Whereas justice mechanisms have often been introduced in the aftermath of ceasefires, some trials have also taken place while hostilities are ongoing, as happened in the former Yugoslavia, meaning that the international community does not need to wait for a formal end of the conflict in order to prosecute international crimes.
Despite efforts by to establish an international tribunal to prosecute war crimes in Syria, no ad hoc court or tribunal has been established so far.
War crimes prosecuted in national trials
there are a number of countries worldwide that have sought to pursue cases of international crimes via their own domestic courts. In February, the Swiss NGO TRIAL International reported that 149 cases were being investigated under universal jurisdiction in 15 countries.
In Sweden, Austria and Germany several cases have been initiated against alleged Syrian government officials. The principle of universal jurisdiction allows national jurisdictions to prosecute grave crimes committed outside their territory.
Sweden led the way by convicting a member of the Syrian military for war crimes in 2015. Human Rights Watch said it was the first war crimes conviction for a member of the Syrian military. And a criminal complaint was opened in Sweden in February against senior officials in the government of President Bashar al-Assad.
War crimes unit is investigating 25 cases in France
A 2018 report by the organization Eurojust documents a number of court cases brought in European countries against alleged Syrian war criminals that focus on violations of personal dignity and other forms of inhumane treatment.
JusticeInfo said in February that arrests have also been made in France where a specialised war crimes unit is investigating 25 cases of Syrian war crimes.

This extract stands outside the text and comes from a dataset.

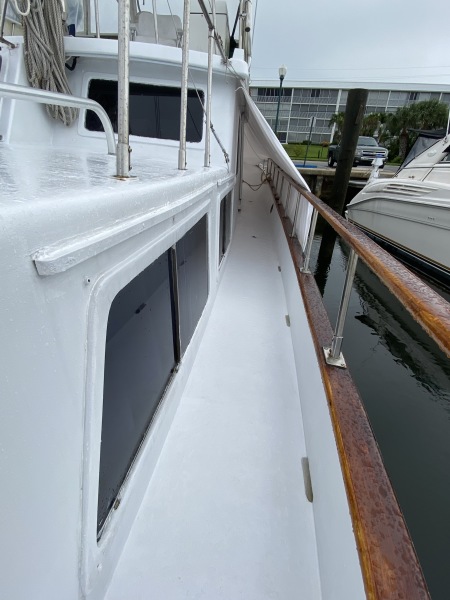 1981 Albin 43 Trawler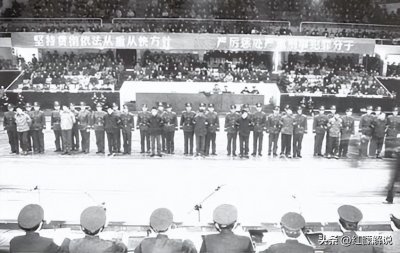 ​朱德之孙朱国华身上没有命案，却被判死刑，他到底做了什么？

The recent case against two alleged former intelligence officers initiated in Germany is similarly being brought under the country’s universal jurisdiction law.
One of the suspects in the case, identified as Anwar R, is suspected of torturing approximately 4,000 people between 2011 and 2012.
The suspect was allegedly a high-ranking officer who directed operations at a prison where the detainees were subjected to “systematic and brutal torture”.
Torture is considered one of the most widely acknowledged international crimes and can be prosecuted as a war crime or a crime against humanity. The trial is expected to start in the city of Koblenz in Germany next year. It will be the first international trial that focuses on the widespread use of torture by Assad’s regime.
Olympia Bekou, professor at the University of Nottingham, welcomed proceedings before national courts but said they also had drawbacks.
“Justice closer to where the crimes have been committed offers distinct advantages, such as access to evidence and greater visibility of the process,” she said.
Syrian victims of war crimes interviewed by Human Rights Watch in Germany and Sweden have stressed the importance of bringing perpetrators to justice.
Since Syria is not a member of the International Criminal Court (ICC), the Syrian situation would have to be referred to the ICC by the UNSC, but attempts to do so have repeatedly been vetoed by Russia and China since 2014.
After failed attempts by the UN to refer the Syrian situation to the ICC, the UN General Assembly created the International, Impartial and Independent Mechanism (IIIM) in 2016. The mandate of this body was to assist in the prosecution of the persons responsible for the most serious crimes under international law committed in Syria since March 2011.
The mandate explicitly states that the IIIM is not a court but merely a body that will assist with national and international investigations and prosecutions. The mechanism is still in an early stage of its work and has not yet had any significant achievements.
Evidence of international crimes, specifically torture, is currently also being collected by organisations such as the European Centre for Constitutional and Human Rights (ECCHR).
Many victims consider the trials a way of deterring similar crimes in the future and some victims living in Europe have been instrumental in providing evidence of war crimes to prosecutors.